=== WHAT YOU ARE ASKED TO DO ===
Nothing but the lines from the first line of the material below through the line that holds "Апарт-отель Poznyakoff Aparthotel." should be set down, exactly and with pictures left out.

-----

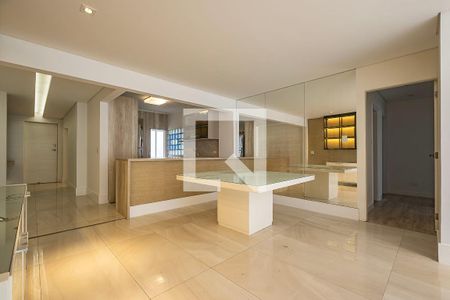 Sala/Cozinha de apartamento para alugar com 3 quartos, 160m² em Pinheiros, São Paulo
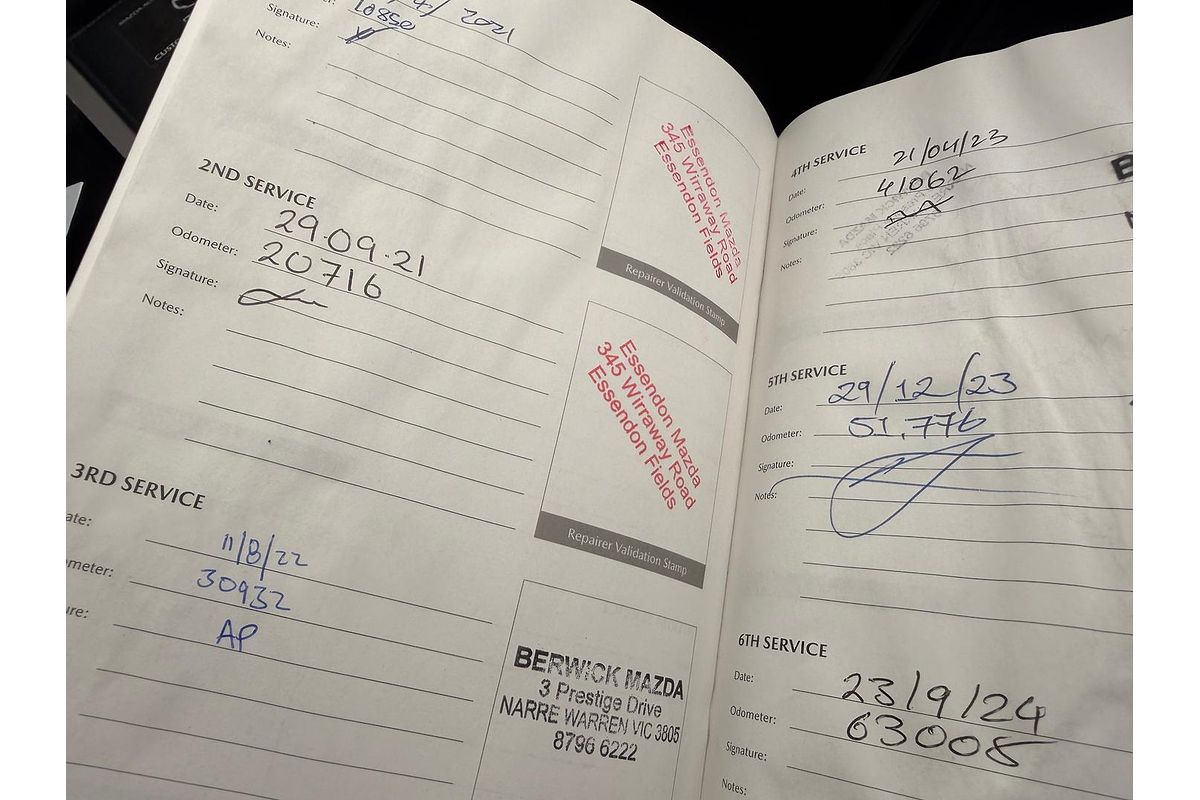 2020 Mazda CX-30 G25 Touring DM Series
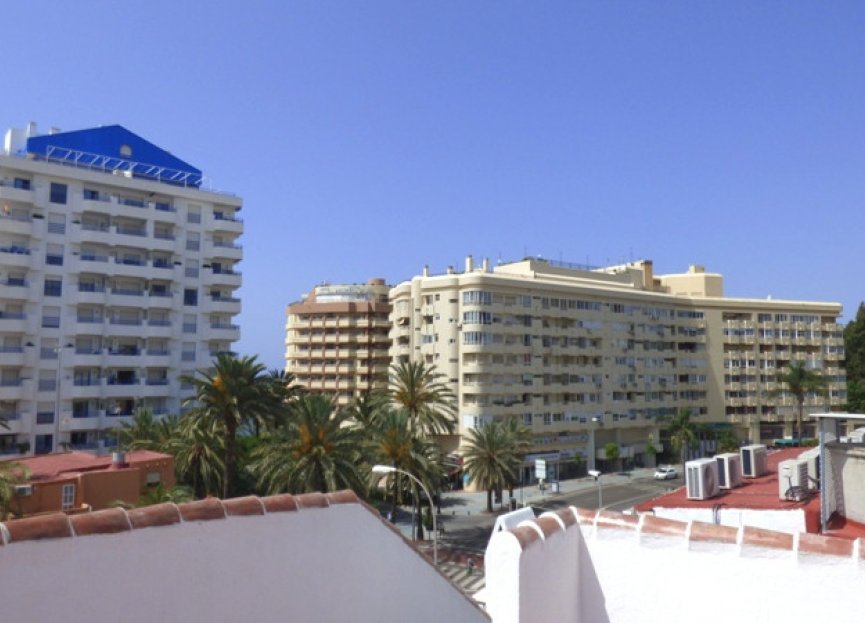 Resale - House - Townhouse - Marbella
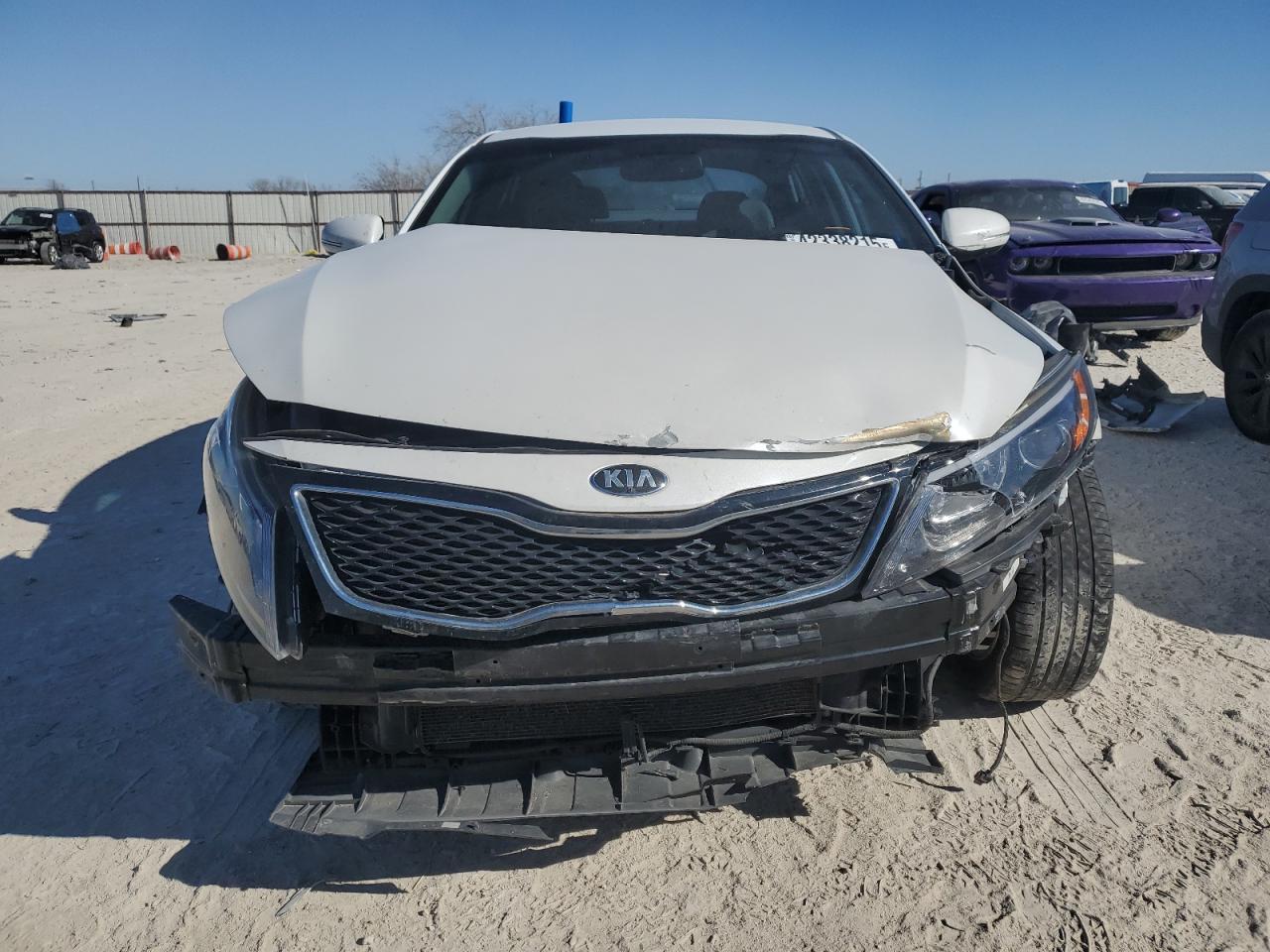 2014 Kia Optima - Image 5
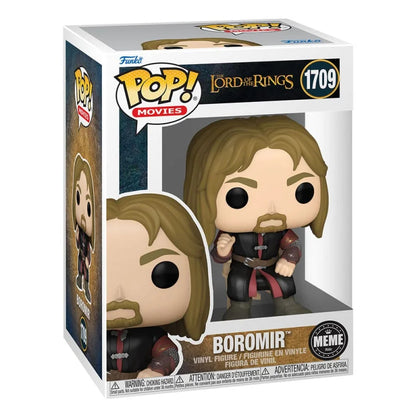 Funko POP! - Il signore degli anelli - Boromir 1709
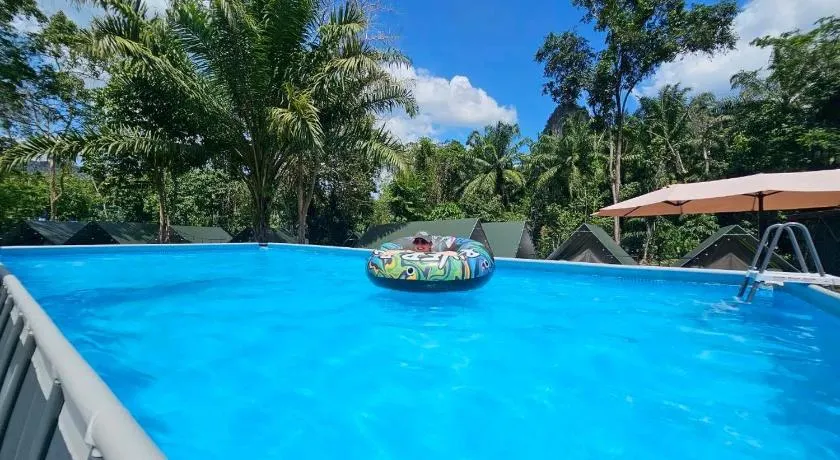 Nahm Khao Sok Hostel and Camping - Image 1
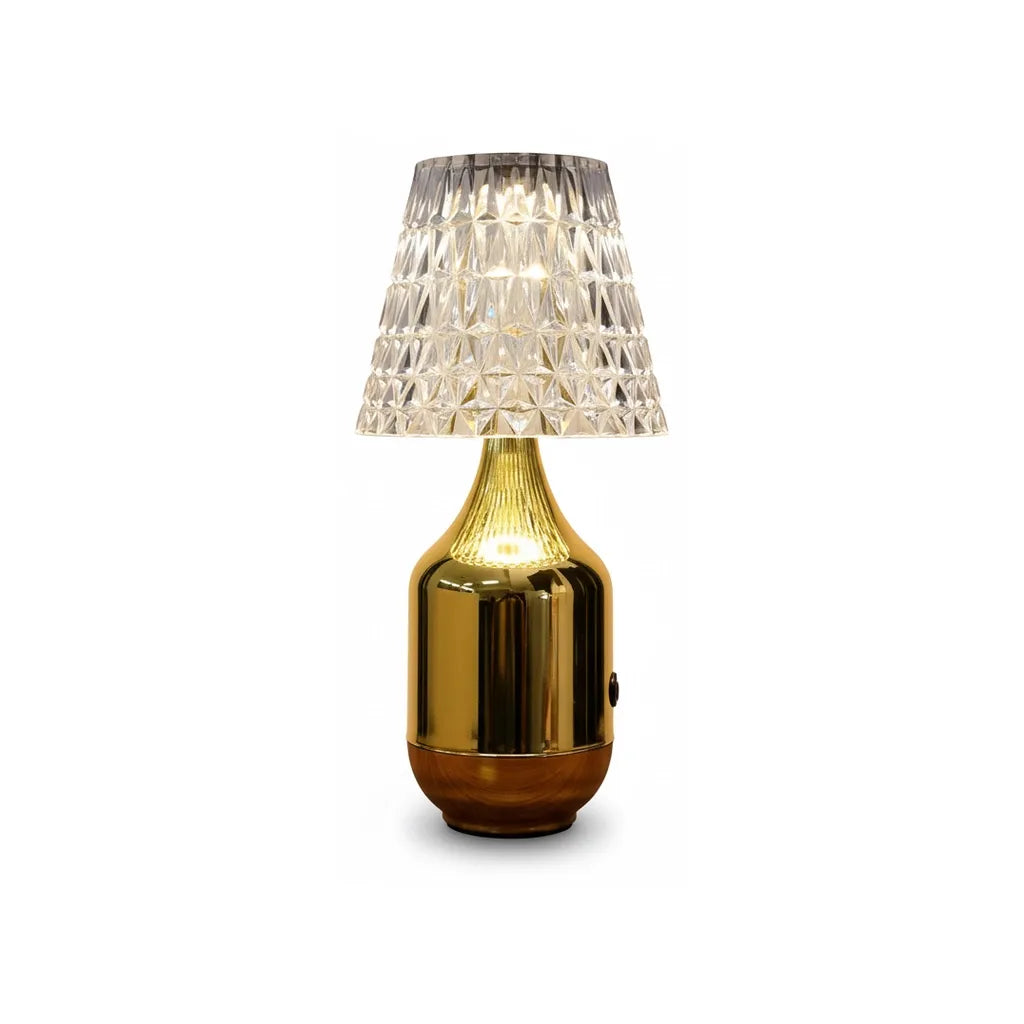 Lampe en Cristal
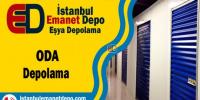 İstanbul'da Fazla Eşyalar İçin Oda Tipi Depo Yaygınlaşıyor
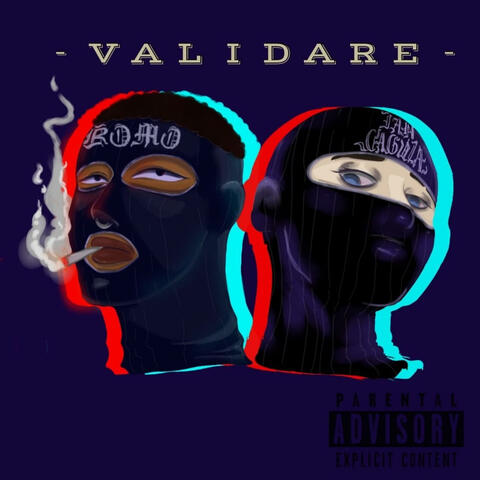Validare (feat. Ian Cagula)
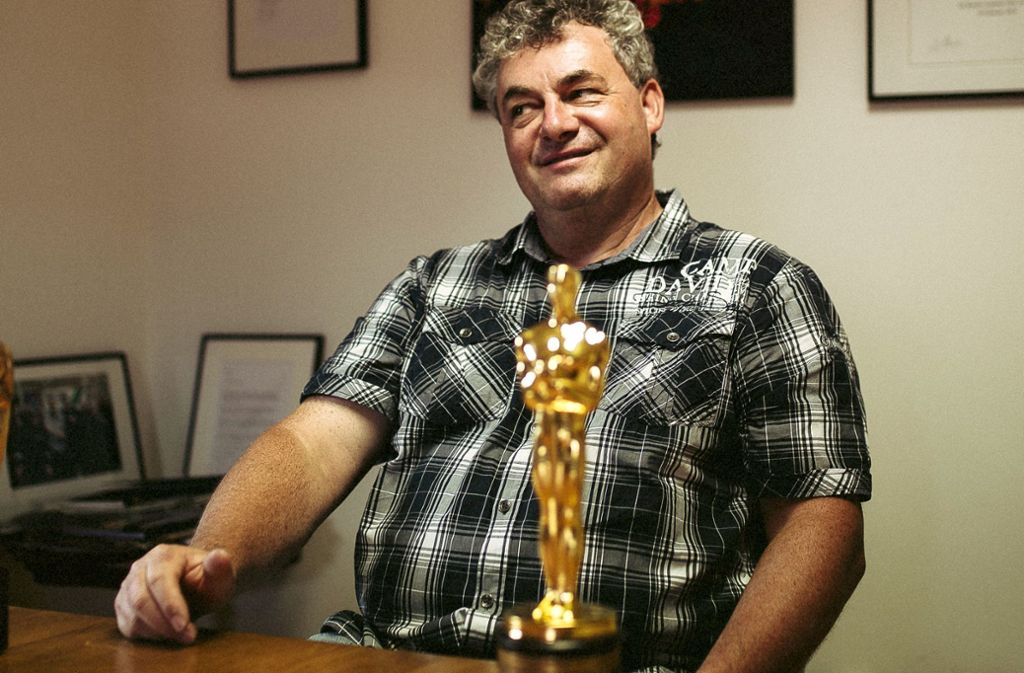 Oscar-Preisträger aus Schwäbisch Hall: Oscar-Nominierung für „Dune“ - was Gerd Nefzer auszeichnet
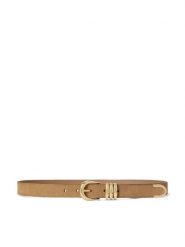 LAUREN RALPH LAUREN Pasek 412P11809002 Brązowy jasny. Brązowe paski Lauren Ralph Lauren, bez wzorów, ze skóry. Za 469.99 zł.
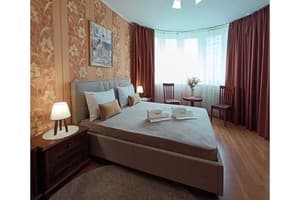 Апарт-отель Poznyakoff Aparthotel. Полулюкс двухместный 282 3
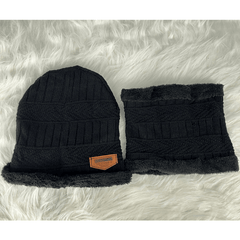 Winter Fleece Outdoor Windproof Ear Muff Head Cap Warm Plush Hat
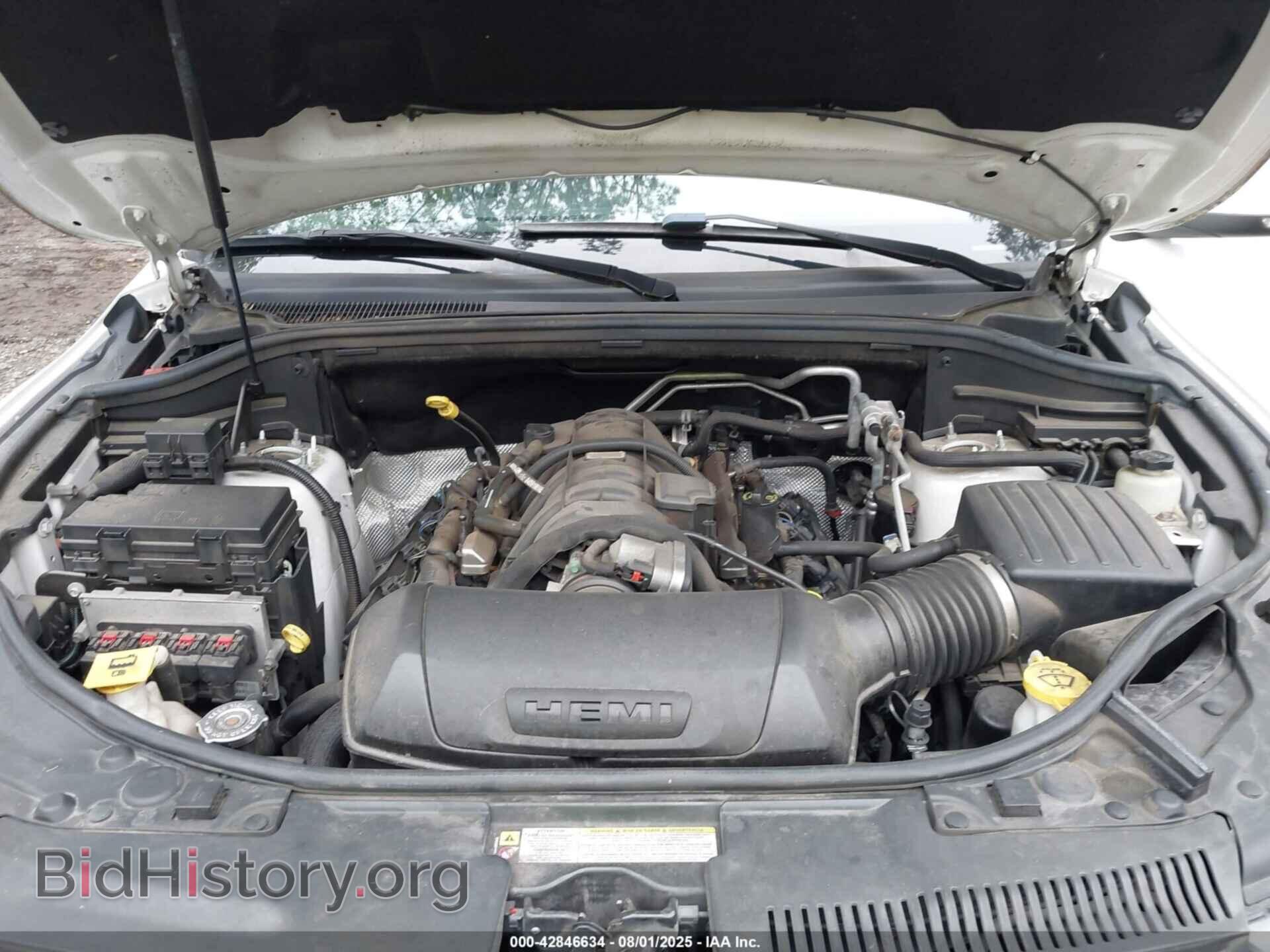 2013 DODGE DURANGO - VIN: 1C4SDHCTXDC564759 - Фото 10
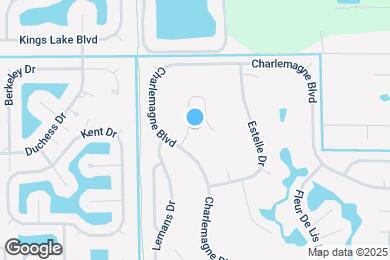 Map image of the property - 112 Belle Isle Cir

-----

=== WRITTEN REPLY ===
 Sala/Cozinha de apartamento para alugar com 3 quartos, 160m² em Pinheiros, São Paulo
 2020 Mazda CX-30 G25 Touring DM Series
 Resale - House - Townhouse - Marbella
 2014 Kia Optima - Image 5
 Funko POP! - Il signore degli anelli - Boromir 1709
 Nahm Khao Sok Hostel and Camping - Image 1
 Lampe en Cristal
 İstanbul'da Fazla Eşyalar İçin Oda Tipi Depo Yaygınlaşıyor
Validare (feat. Ian Cagula)
 Oscar-Preisträger aus Schwäbisch Hall: Oscar-Nominierung für „Dune“ - was Gerd Nefzer auszeichnet
 LAUREN RALPH LAUREN Pasek 412P11809002 Brązowy jasny. Brązowe paski Lauren Ralph Lauren, bez wzorów, ze skóry. Za 469.99 zł.
 Апарт-отель Poznyakoff Aparthotel. Полулюкс двухместный 282 3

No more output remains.